There may be more, but those are the main ones. They may be worded more intuitively too, depending on the particular linux system you are installing.
Unless you know you want only this Linux system on this particular computer, or you know you have lots of gigabytes of space beyond what your other system is using, I suggest you bite the bullet and try the partitioning step. At the very least it will introduce you to things linux in a hurry.
I made some mistakes, but I’m permanently wiser for it.
For the moment, let’s pretend you have a 10 GB hard drive. Check how much RAM you have. (That the amount of memory that indicates how much your computer can hold in it’s present-tense memory at any given moment). If that’s 256 MB, you want to create about 500 MB of a SWAP partition. This allows your Linux system to grab extra memory in an emergency. Saves on or prevents crashes!
So you indicate that on the partitioning tool. Assign 500 MB of space for SWAP.

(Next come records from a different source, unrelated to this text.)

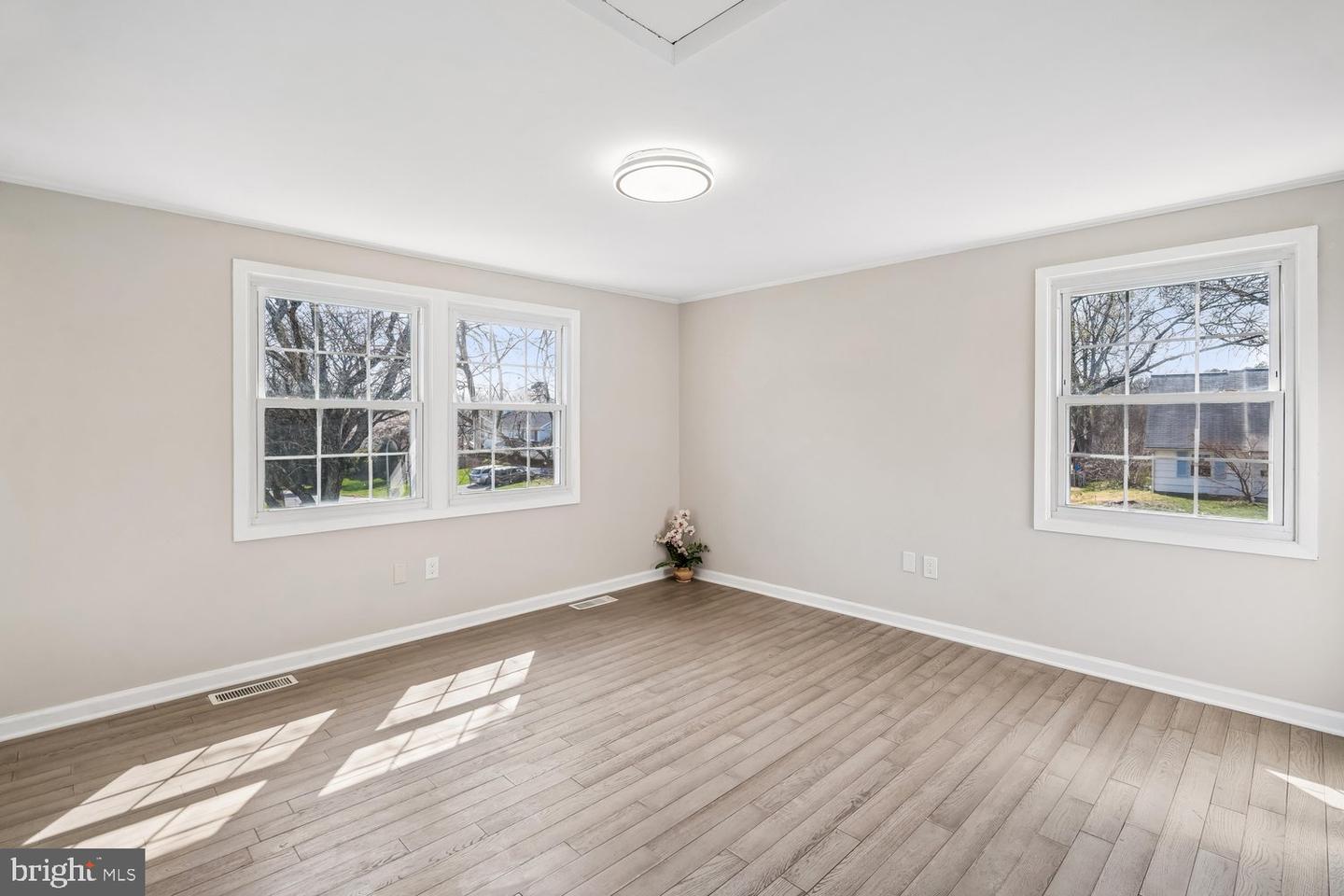 12200 Fleming Ln Property Photo 26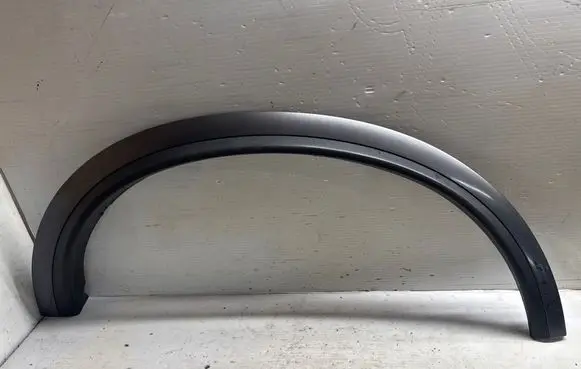 Volvo XC90 Front arch trim 30779578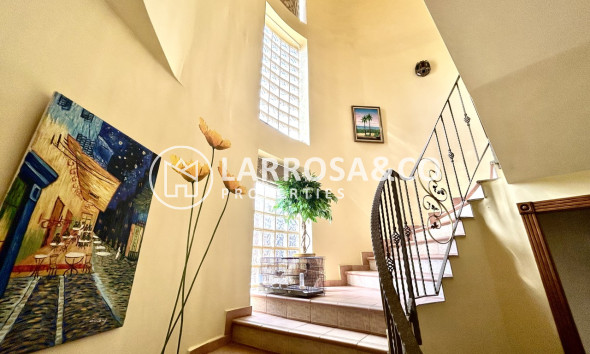 Resale - Detached House/Villa - La Mata - Costa Blanca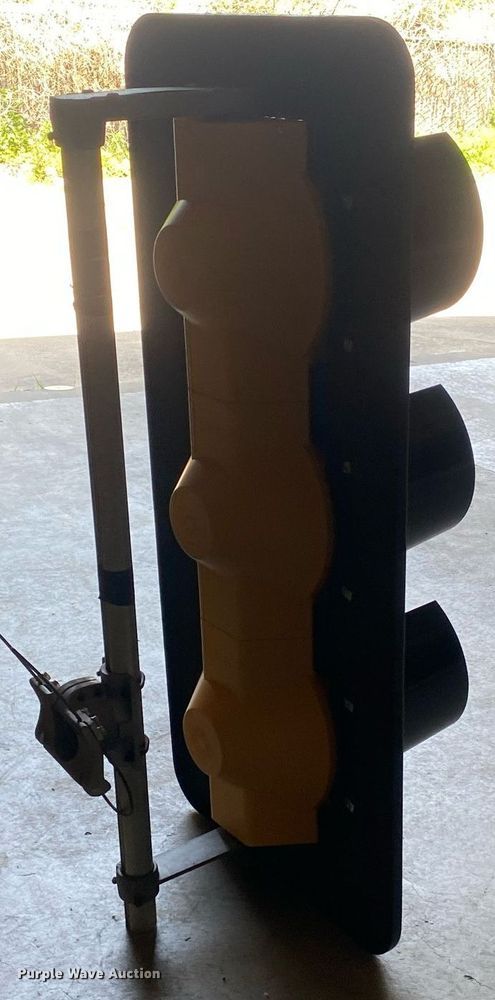 image for item MG9872 Stop light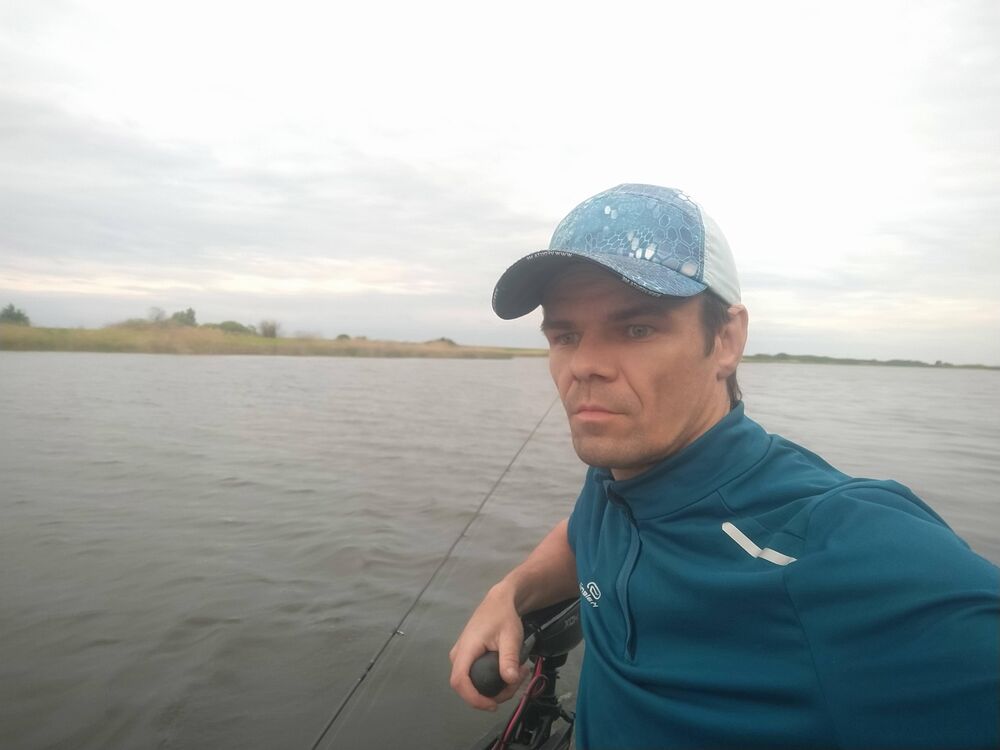  ,   Roman, 37 ,  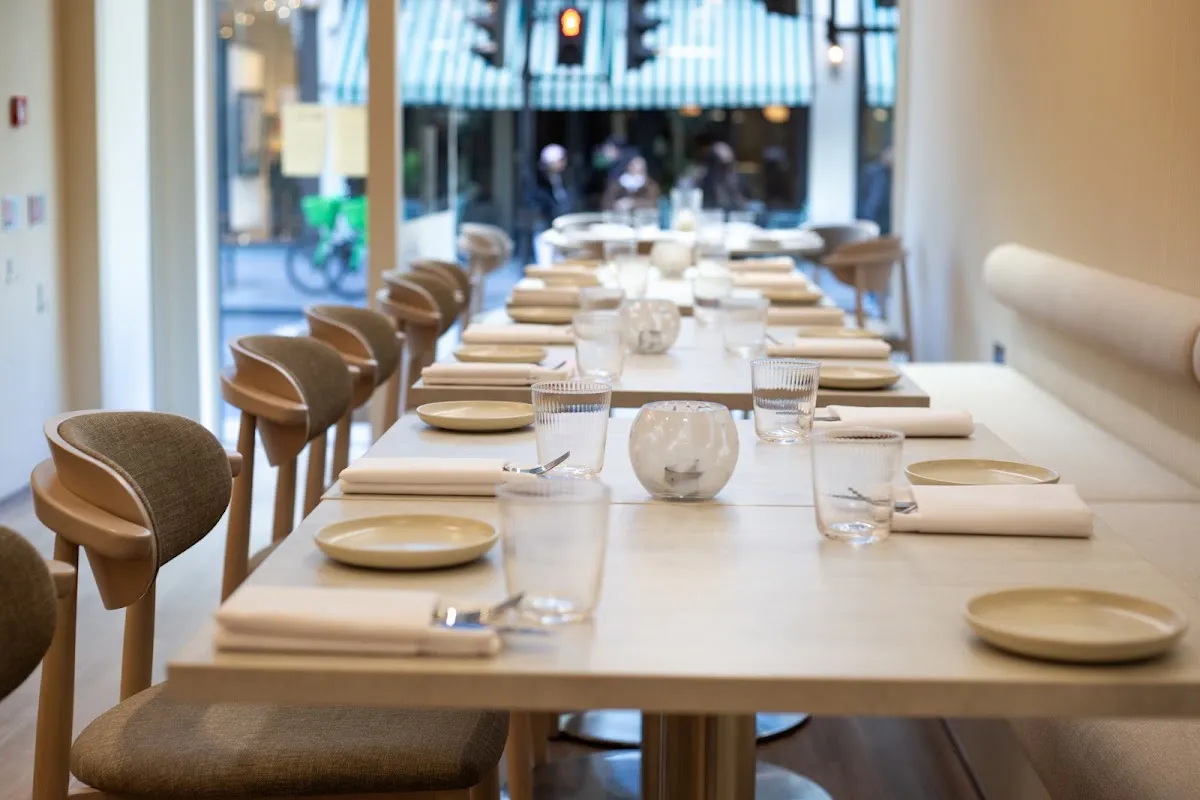 BookNoFees: مطعم – Botwa restaurant Notting Hill – London – مطعم Botwa في Notting Hill، الصورة 1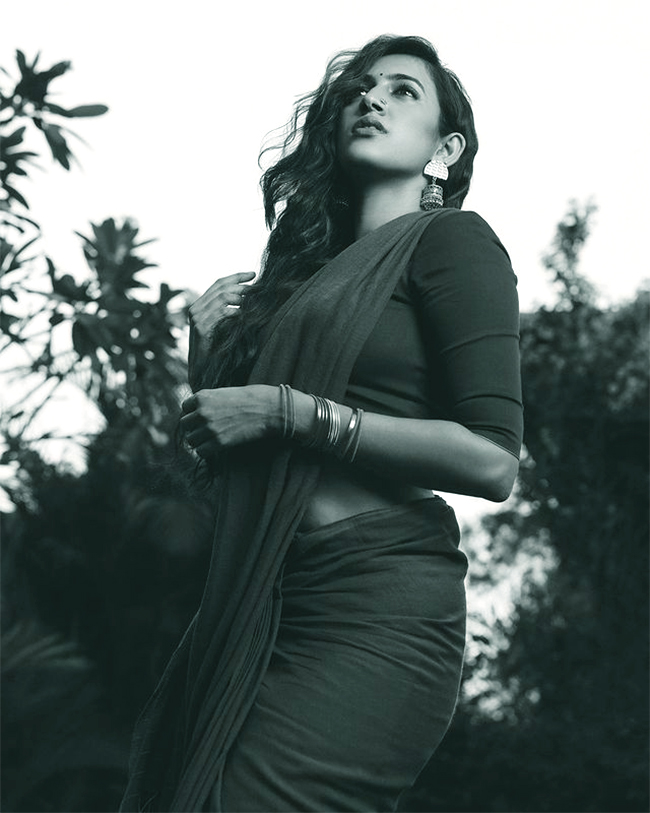 Niharika-Konidela_20Chaitanya-Divorce-News-34.jpg 30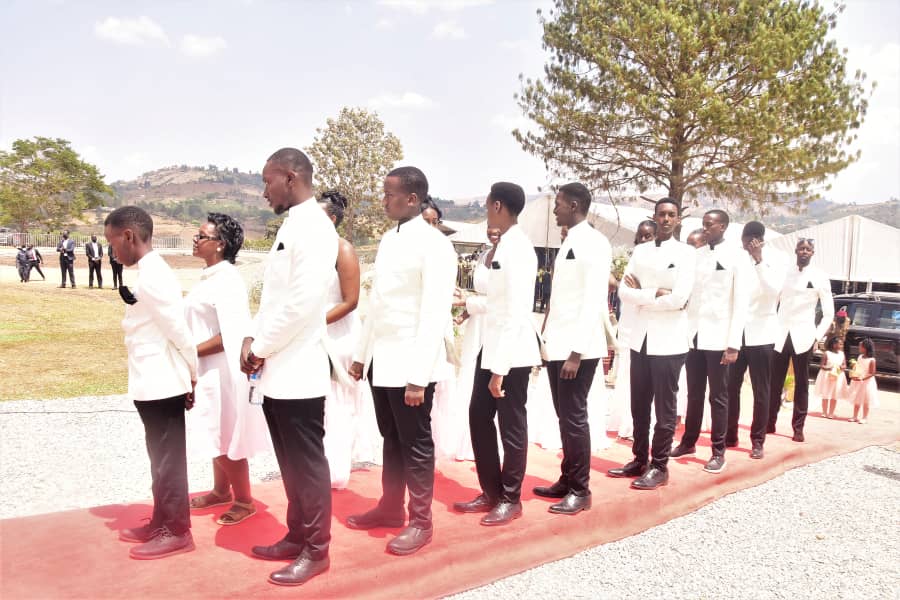 LRukeija's tweet image. Live reporting  in  #NTUGAMO while celebrating a remarkable milestone! H.E @KagutaMuseveni &amp;amp; First Lady @JanetMuseveni have shown us 50 years of love, unity, and dedication! Cheers to 50 years 🥂
Follow the function both on Fb,whp +256756717377
( @ Lawrence Lecturer Rukeijakare)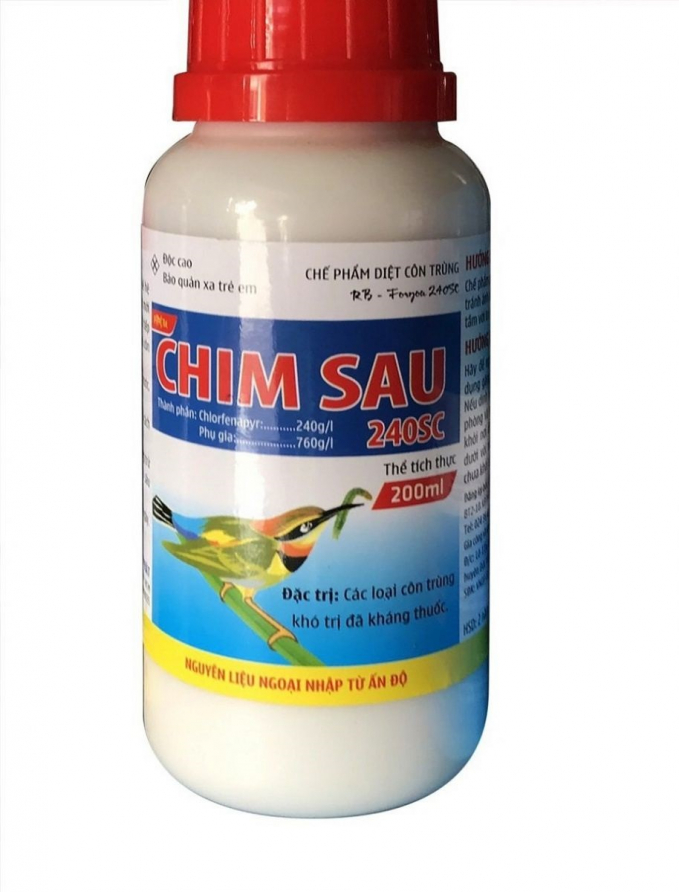 Còn chế phẩm diệt côn trùng nhãn hiệu CHIM SAU 240SC thì in hình con chim đang cắp con sâu dễ gây hiểu lầm cho nông dân đây là thuốc trừ sâu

For the boot area, shown with just a / you can assign 1.2 GB. That’s were all your start-up programs get to live.
Let’s give the /usr area 3.5 GB. That’s where you’ll install the programs you want to run, but which don’t have to all come to life on boot up.
That leaves 5 GB for the /home area which is where all the new files, graphics, documents, or whatever you create will be stored.
You’ll notice that the system calls the sections you’ve assigned by names like /dev/hda2 and so forth. Windows calls the drive sections names like C:/ or D:/ and so forth. Linux has this other naming convention. We catch on after a bit.
Before we can proceed we must initialize each of the partitions now. There will be warnings that to proceed means you are wiping anything off that currently resides on those sections. If it happens that you decided to leave Windows in place, you will have seen it’s partitions clearly marked, and of course, you do not initialize them now. That would be wiping your Windows OFF the hard drive! But Linux does need to initialize the partitions it will be living in, so it can call them it’s own.
You followed the directions? You didn’t leave any of the partitions out?
Good. Then we can move on. Now things will go faster.
You’ll be asked a few more questions, like what to call your machine/computer. If it is going to be an online server for a registered domain, you would of course, use that, but if it’s just your home computer, call it what you like.
In some cases you are allowed to choose the modules you want included in the installation. Some of the smaller systems just go ahead and give you all that’s on the CD or DVD.
The installation starts, and whirls away. I like to click on “details” to get a clue as to what it is installing. The larger a system, such as SUSE, that you install, the longer it takes. Maybe several hours. If you are installing a small one, it may be 20 minutes or less.
At some points along the way it will pause to ask you for more information or choices.
It will likely ask you what boot system you want. There’s Grub (for geeks who understand the more complicated lingo), and LILO which is easier for beginners. However I’ve discovered that when the kernel needs to be upgraded, it’s much better to have Grub in place as it saves you some steps. Grub can be set up to make for a very nice boot sequence too. So not to worry.
You get a chance to make a rescue floppy disk, which is a wise idea, although I confess I’ve skipped it a number of times.
Towards the end, it wants to know more things like the type of monitor you have, screen resolution, what your ISP address is - so it can set up your email address for you - and whether you want to go online to get the latest updates to this system. I try to get these matters all taken care of as they come up, so that when it announces it is finished, the system is up and ready to go!
Well, when it has re-boot, and you are finally in the system, you want to poke around a bit, and find the personal settings, and fine-tune them to suit your fancy. You are NOW a Linux user!